Потом мы заселились в отель (цены в нем были явно завышены), в котором шел какой-то банкет и веселилась толпа пакистанцев, и декан английского факультета университета в Лахоре угостил нас манго и виски. Там-то мы и узнали, почему нас весь день пасли полицейские: оказалось, что ДГ Хан — это центр пакистанской атомной промышленности!
На следующий день мы поехали дальше вглубь „Племенной территории“ — района Пакистана, где царит безвластие, и от которого даже пакистанское правительство стремится держаться подальше. Многие мужчины, с длинными черными бородами и в белых тюрбанах, ходят там с Калашниковым на плече. Мы чувствовали, что лучше с этими ребятами не связываться, но как только на свет появлялся фотоаппарат, их лица тут же расплывались в широкой улыбке, а глаза начинали блестеть.

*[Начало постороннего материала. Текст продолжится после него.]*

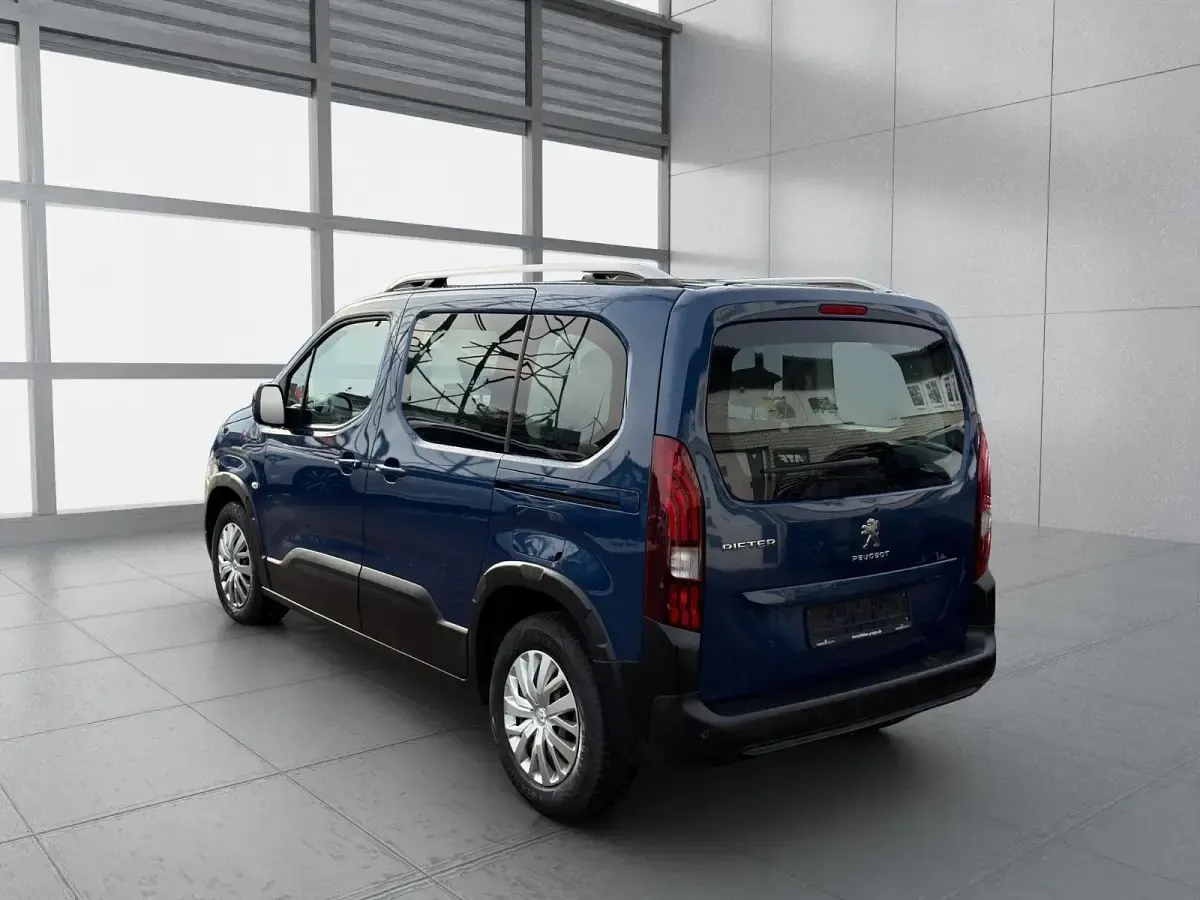 Gebraucht Peugeot Rifter Active 131 PS (96 kW) 2019 Blau Van / Kleinbus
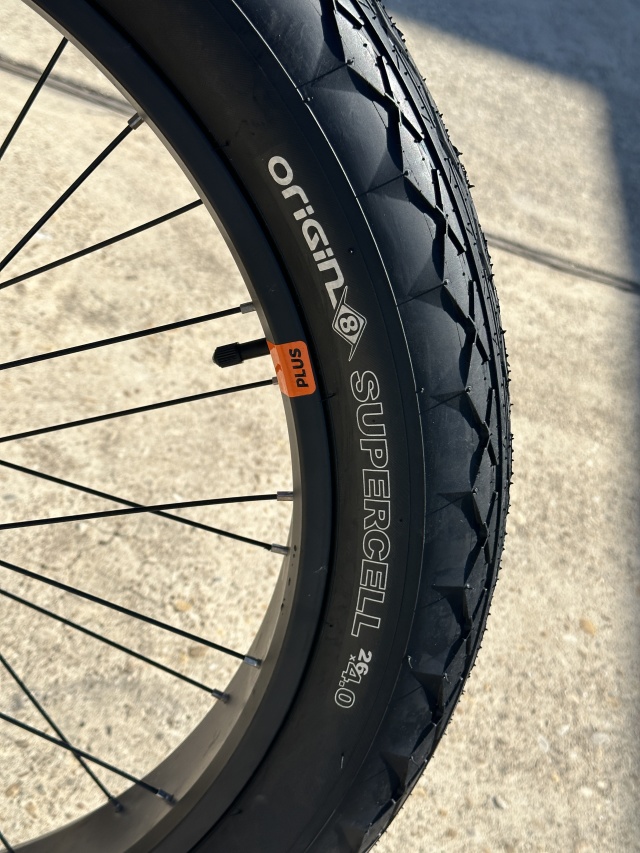 2022/01(January)/RadRover6-RadCity5/640x480_2022-10-13-RadBike-20-RadRover-New-Origin6-Tires.JPG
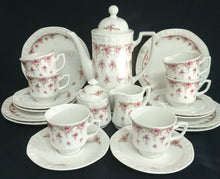 Lade das Bild in den Galerie-Viewer, 5er Set KAFFEEKANNE MIT DECKEL &amp; MILCHKÄNNCHEN &amp; ZUCKERDOSE + DECKEL - Porzellan, Streifen Linien Flora Blumenblüten Motiv Dekor
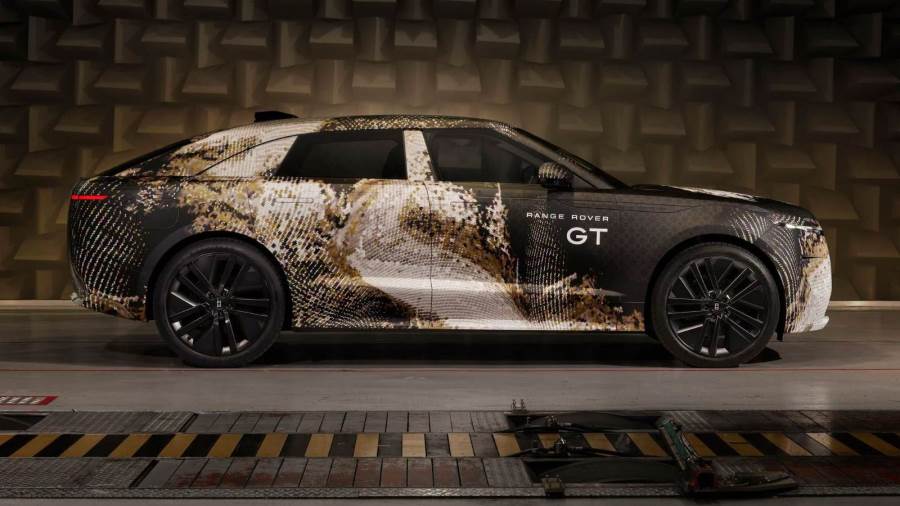 (JLR)  تعرض نظرة أولى على المقصورة الداخلية لسيارة Range Rover GT الكهربائية  المرتقبة لعام 2027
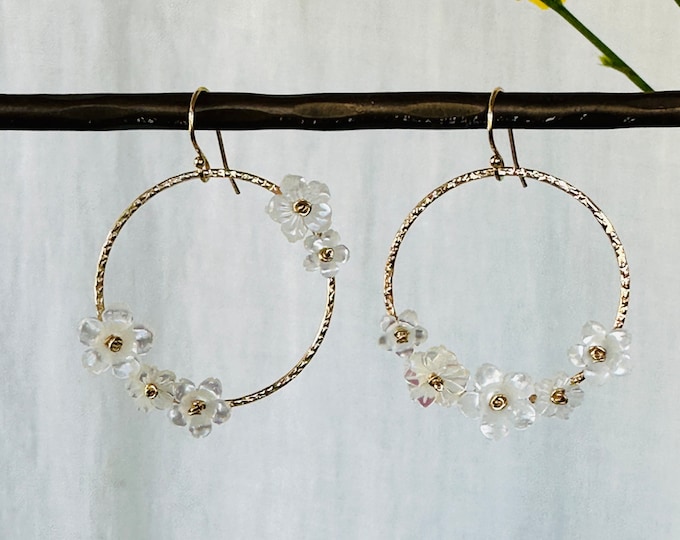 LEI white flower hoop earrings - medium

Дальше мы свернули на каменисто песчаную тропу, зигзагом пересекавшую основную дорогу. Пока мой несчастный мотоцикл бился то об один камень, то о другой, я мечтала о F650. Заглох аппарат всего один раз, прямо перед тем как мы собрались пересечь реку, и заводила я его, кажется, целую вечность. Пока я мучалась с кикстартером, было слышно, как где-то далеко стреляли.
При себе у нас имелось десятка два ручек для „хороших детишек“; детей, протягивающих к нам руки с криком „деньги, ручка, шоколадка“, мы старались не замечать. Подумав, что домой мы, похоже, вернемся с пожизненным запасом этих самых ручек, я решила сбыть их в школу, мы как раз мимо одной проезжали. Это была группа всевозможных возрастов мальчиков и девочек, которые занимались прямо под открытым небом.
Увидев нас, дети просто онемели. Но когда мы уже уехали, мне вдруг пришло в голову, что дети там писали на дощечках и мелом. Но, кажется, подарок им все равно понравился.
Кветта был последним крупным городом на нашем пути, он оказался прекрасно организованным и чистым. Во дворе перед гостиницей Саймон провел техосмотр наших мотоциклов и заправил их — нам предстояло два дня ехать через Белуджистан до Ирана. Нашу последнюю (бессонную) ночь в Пакистане мы провели в городе Дальбандин. Когда мы устраивались в гостиницу, нас сразу предупредили, что в два часа ночи электричество будет отключено. Мы услышали, как затих наш кондиционер, и комната тут же нагрелась до 38 °C.
Так почему же Пакистан так называется? Нет, это вовсе не „страна пакисов“: это акроним, складывающийся из первых букв названий провинций Пенджаб, Афгания, Кашмир и Синд плюс суффикс стан, что с персидского переводится как „страна“. Ну вот, теперь вы знаете.